Questi padroni si sentono ancora più forti, tant’è che oggi il loro governo attacca pure il diritto di sciopero e ha fatto un Ddl sulla ‘sicurezza con cui vuole condannare e sanzionare anche i lavoratori che fanno blocchi, picchetti, lotte assolutamente necessarie per pesare, insieme a colpire tutti i movimenti degli studenti, contro la guerra, solidali con la Palestina, movimenti territoriali Notav, Noponte, i movimenti ambientalisti, ad attaccare le necessarie proteste dei migranti, restringendo la democrazia per tutti. Anche uno che dice “rivolta sociale” come il segretario della Cgil, Landini (che poi non la farà perché dobbiamo farla noi lavoratori) viene attaccato dal governo Meloni che difende solo l’interesse delle multinazionali, va a braccetto con Elon Musk. Chi governa oggi è una frazione più nera del Capitale.

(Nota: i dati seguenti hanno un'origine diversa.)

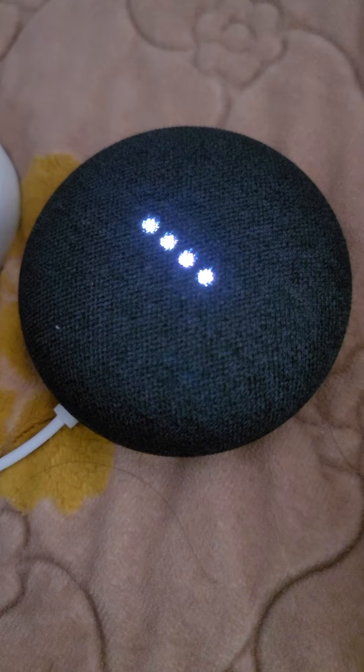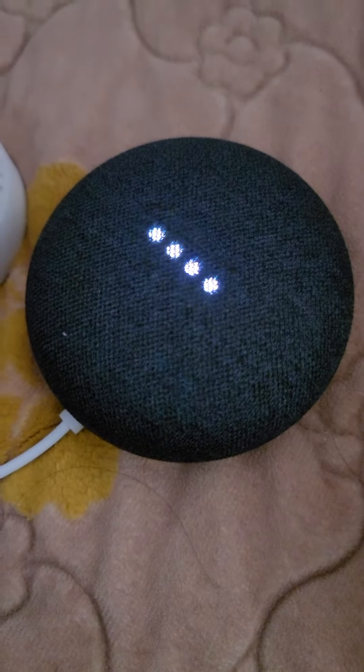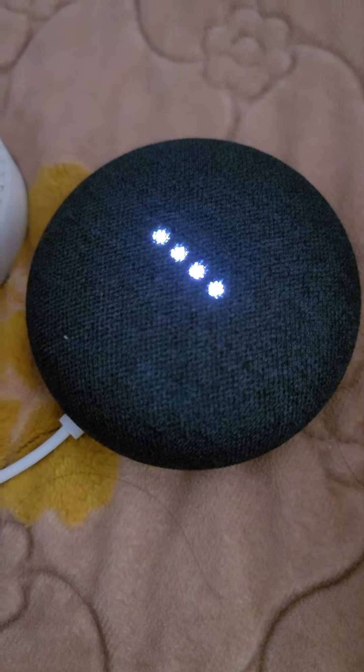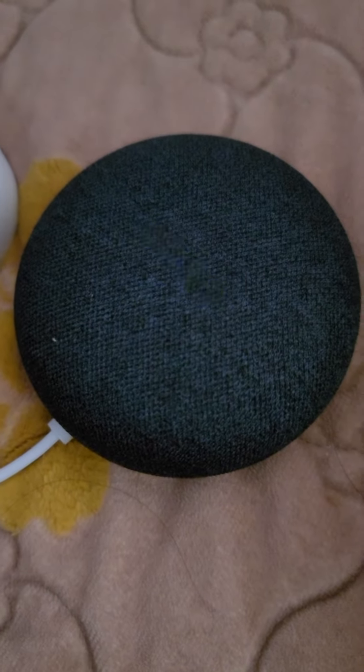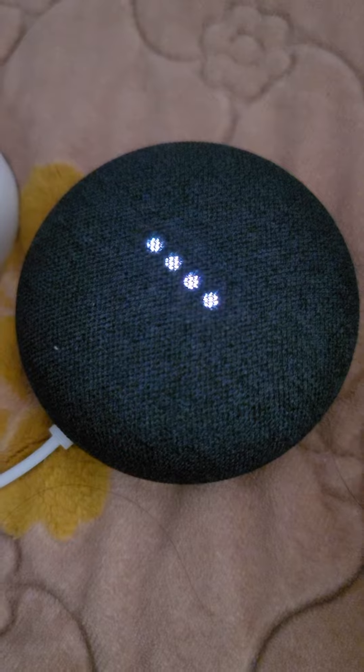Hey Google, make a puma sound. This is a cougar.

Se vogliamo ottenere qualcosa anche sul contratto, veri aumenti salariali, lavoro stabile, difesa della sicurezza e salute e dei nostri diritti; se vogliamo respingere una manovra finanziaria che dà tutto ai padroni e niente ai lavoratori, che toglie soldi alla sanità, alla scuola, alla sicurezza, ambiente per aumentare i soldi per gli armamenti, per la guerra; se non vogliamo prendere in giro i lavoratori, dobbiamo lavorare perché ci sia effettivamente una rivolta sociale. La rivolta sociale non si fa a parole, si fa quando centinaia, migliaia di lavoratori scioperano, fanno continue lotte, si rivoltano, come è successo negli anni ‘70 in cui solo così abbiamo ottenuto alcuni nostri diritti. I segr. nazionali della Cgil/Fiom e della Uilm/Uil parlano di situazione inaccettabile e rispetto al contratto dei metalmeccanici di un ritorno al passato, dopodiché, all’interno dei posti di lavoro, i discorsi che stanno portando tra i lavoratori non sono adeguati all’altezza dello scontro sociale e politico.

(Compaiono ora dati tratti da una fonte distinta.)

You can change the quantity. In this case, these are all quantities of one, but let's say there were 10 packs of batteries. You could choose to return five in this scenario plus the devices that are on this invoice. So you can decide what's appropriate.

Scioperare il 29, tornare in piazza vuol dire costruire effettivamente l’unità tra i lavoratori, perché tutti i lavoratori sono colpiti, al di là della tessera sindacale. C’è un sindacato, Fim Cisl, che sta ormai con il governo e vuole dividere i lavoratori. Quello che ci serve per una lotta ampia, incisiva e continua è una “guerra civile” anche in fabbrica tra tutti i lavoratori ricostruendo in questo modo una unità di classe effettiva per portarli in piazza.

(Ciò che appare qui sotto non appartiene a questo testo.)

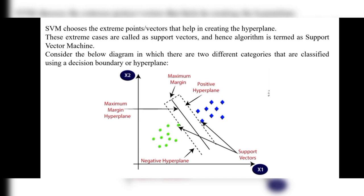Consider the diagram in which there are two different categories classified using a decision boundary or hyperplane. The middle line represents the maximum margin. We are separating the green and blue classes. The data points on the boundary are called support vectors. The left side line is called the negative hyperplane and the right side line is called the positive hyperplane. The exact middle line is called the maximum margin hyperplane.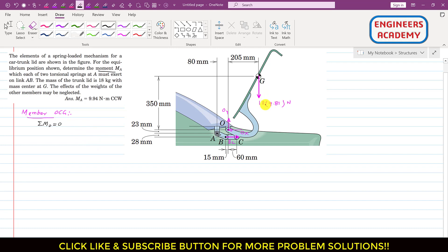The BC force is producing a counterclockwise moment about point O. The perpendicular distance of BC from point O is 28 plus 23 mm. Since we have two such mechanisms — one on each side — we have two BC forces, so we write 2·BC multiplied by (28 + 23) in the moment equation.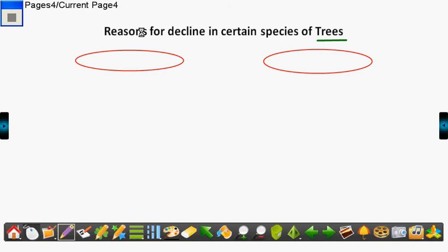Hello children, let's study some of the reasons for decline in certain species of trees. There are basically two reasons.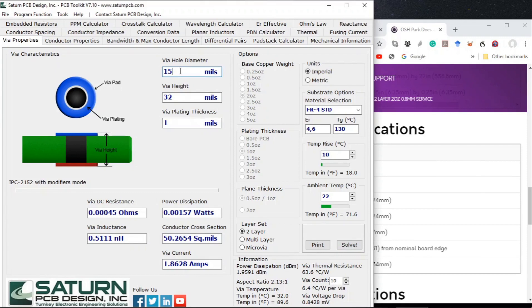Let's try this for 18 mils and calculate again. In this case we get 2.11 amps.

Dobbiamo fare questo lavoro, perché dobbiamo ritornare a fare le battaglie a partire dalle fabbriche, su una piattaforma con al centro gli aumenti del salario, già la richiesta che è stata presentata era inadeguata, le stesse statistiche ci dicono che i salari italiani sono i più bassi d’Europa e i padroni ci stanno dicendo zero aumenti salariali! Invece di tassare le grandi rendite, il governo nella legge di bilancio abbassa le tasse dei ceti medio/ricchi e alza le nostre tasse, mettendo sullo stesso piano noi lavoratori che non riusciamo a tirare avanti, con le nostre famiglie, i nostri figli e i redditi alti dei borghesi. Vogliamo un effettivo taglio delle nostre tasse e che le tasse debbano servire per finanziare la sanità, la scuola, le pensioni.
Le strade sono due: o si fa l’interesse dei lavoratori o si fa l’interesse delle grandi multinazionali che anche nella crisi aumentano i profitti, mentre non danno nessuna soluzione alle grandi vertenze nelle fabbriche, Acciaierie/ Stellantis, ecc., mettono tantissimi operai in cassintegrazione, che in questa fase diventano anticamera di esuberi
Ma non basta. Il governo ci stanno trascinando in una guerra imperialista mondiale. Si parla di miliardi di evasione fiscale, ma quanti miliardi vanno per gli armamenti, per ammazzare, per il genocidio in Palestina, per finanziare le guerre? Per questo ci sono i soldi, mentre niente soldi per aumentare gli ispettori del lavoro, per i controlli.
Queste sono le questioni concrete su cui noi dobbiamo tornare a costruire un’unità, una forza nello sciopero del 29.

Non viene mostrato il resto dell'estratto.